Task item — Lines from the one with "Lux stretch corsage top" up to and including the one with "10 Best Images" are to be copied exactly from the records below, without their pictures.

Supplied data —
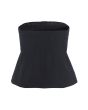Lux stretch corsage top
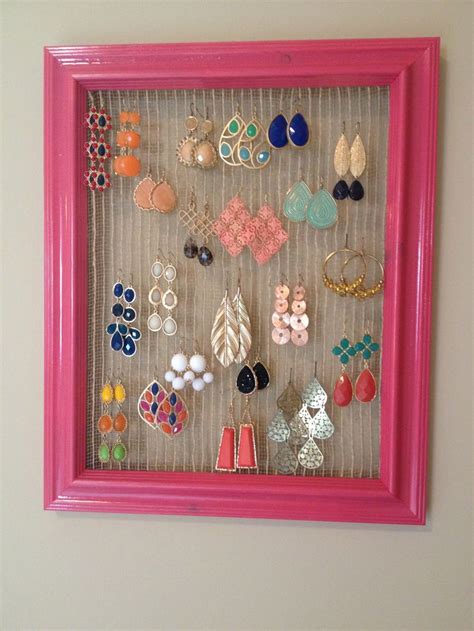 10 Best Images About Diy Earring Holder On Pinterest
--
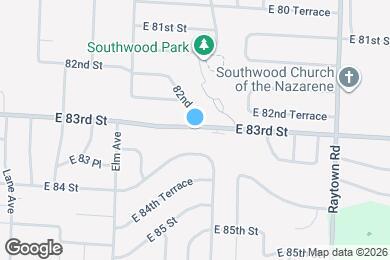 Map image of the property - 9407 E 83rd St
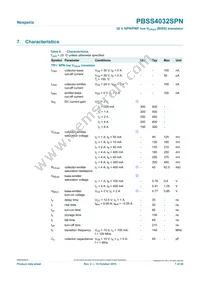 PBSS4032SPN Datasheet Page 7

Finished exercise —
Lux stretch corsage top
 10 Best Images About Diy Earring Holder On Pinterest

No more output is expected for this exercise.